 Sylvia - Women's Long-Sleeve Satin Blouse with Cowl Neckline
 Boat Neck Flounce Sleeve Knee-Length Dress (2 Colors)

================

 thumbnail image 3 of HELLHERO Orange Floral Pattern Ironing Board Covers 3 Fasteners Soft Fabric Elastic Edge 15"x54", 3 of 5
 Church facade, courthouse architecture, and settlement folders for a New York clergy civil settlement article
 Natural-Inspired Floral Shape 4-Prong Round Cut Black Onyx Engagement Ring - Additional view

================

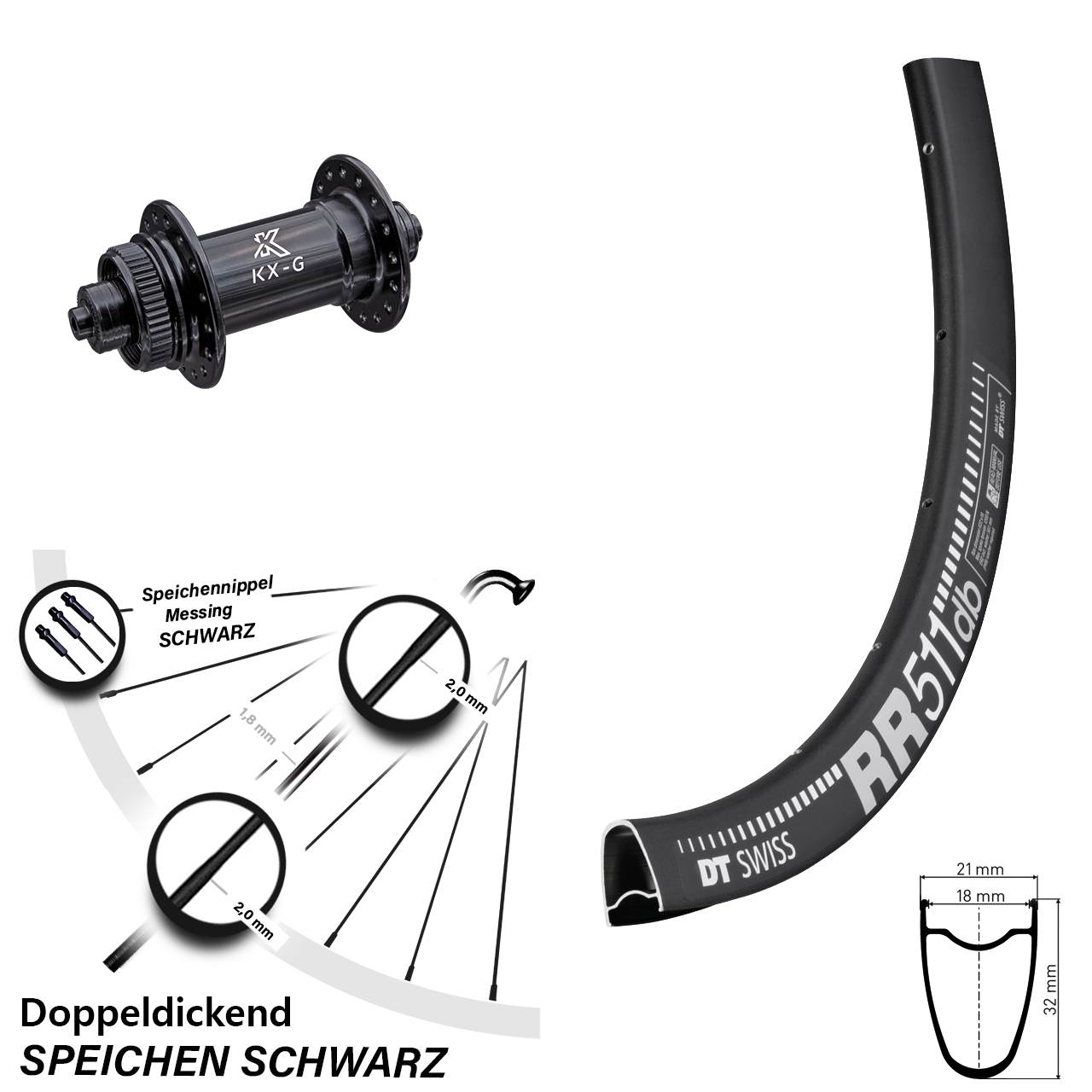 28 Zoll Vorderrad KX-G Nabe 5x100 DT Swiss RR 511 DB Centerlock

================

* TASK PROMPT:
In the entries above, find each line with the word "Sleeve" and return it.

* OUTPUT OF THE EXERCISE:
 Sylvia - Women's Long-Sleeve Satin Blouse with Cowl Neckline
 Boat Neck Flounce Sleeve Knee-Length Dress (2 Colors)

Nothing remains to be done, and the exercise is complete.